> To do
Your answer should repeat the entries in full, exactly as given, with no pictures.

> Extracted data
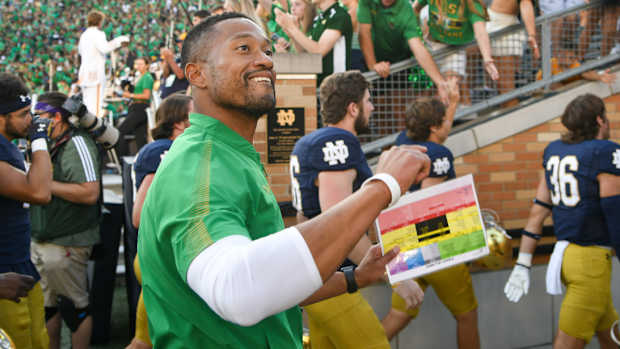 Marcus Freeman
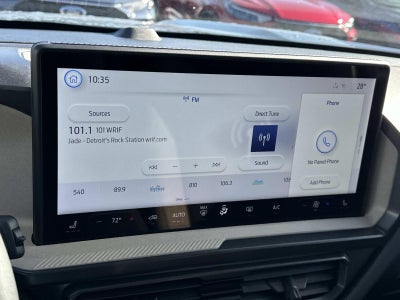 2026 Ford Bronco Sport Big Bend 4x4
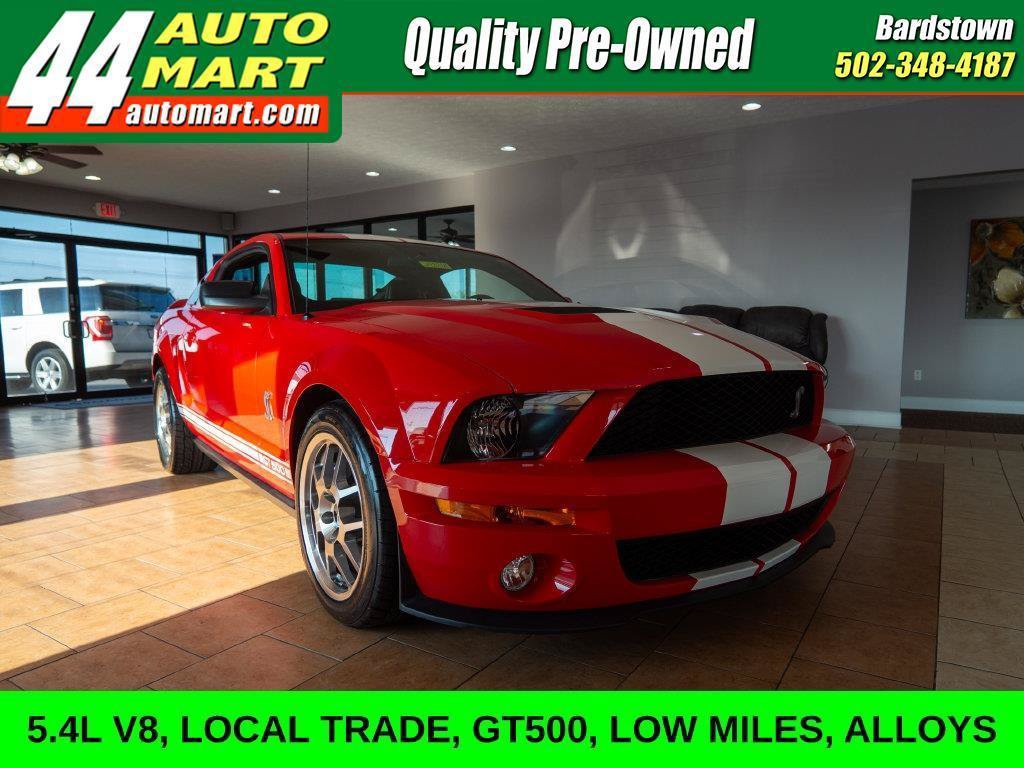 Used 2007 Ford Mustang Shelby GT500 RWD image 1
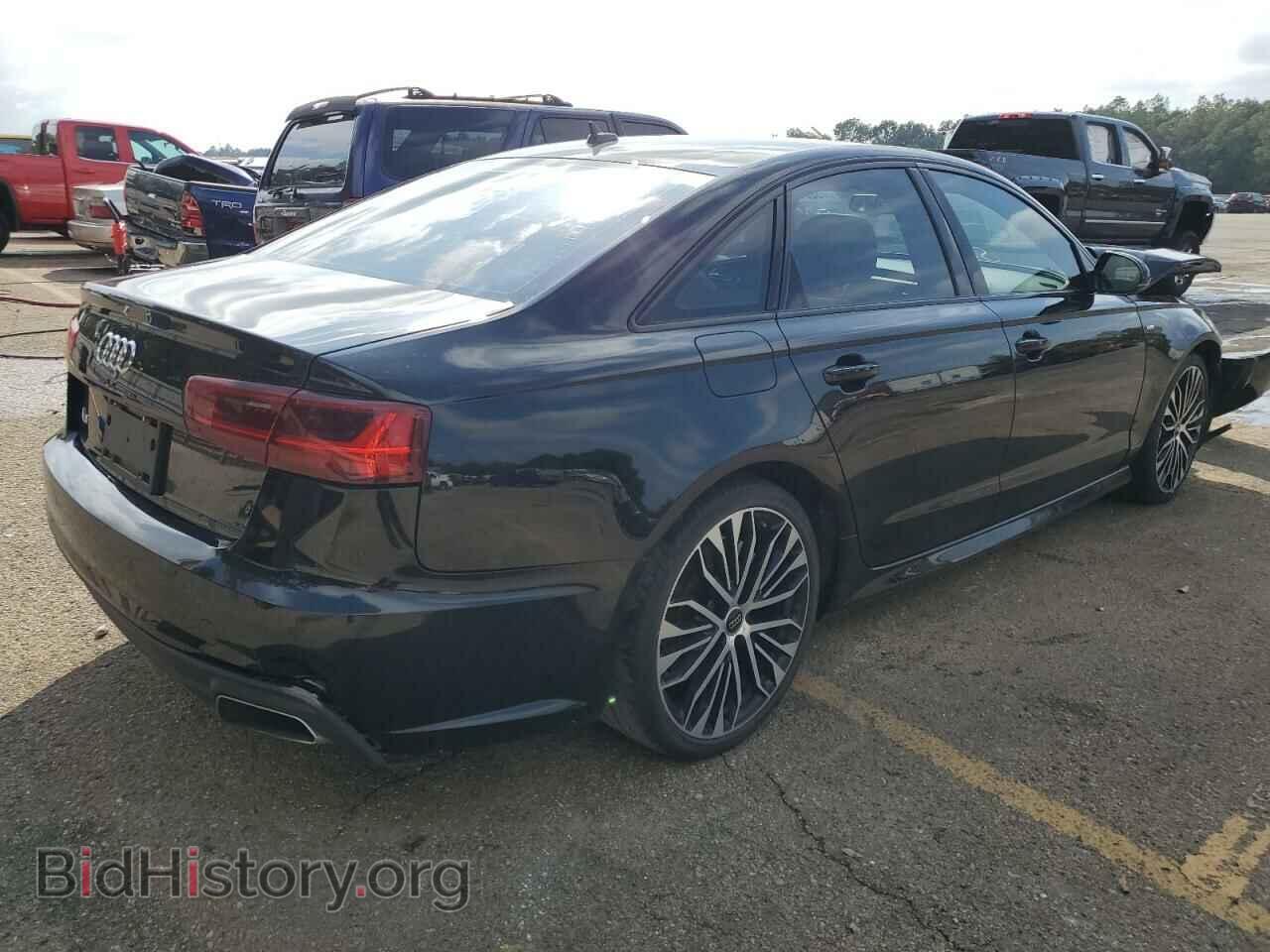 2018 AUDI A6 - VIN: WAUC8AFCXJN081927 - Фото 3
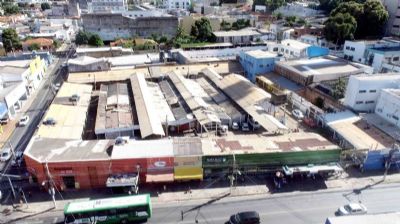 ​Prefeito anuncia revitaliza��o do Mercado Municipal para valorizar o centro hist�rico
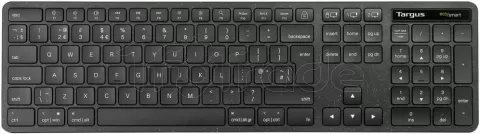 Photo de Clavier sans fil Targus EcoSmart (Noir)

> Result of this exercise
 Marcus Freeman
 2026 Ford Bronco Sport Big Bend 4x4
 Used 2007 Ford Mustang Shelby GT500 RWD image 1
 2018 AUDI A6 - VIN: WAUC8AFCXJN081927 - Фото 3
 ​Prefeito anuncia revitaliza��o do Mercado Municipal para valorizar o centro hist�rico
 Photo de Clavier sans fil Targus EcoSmart (Noir)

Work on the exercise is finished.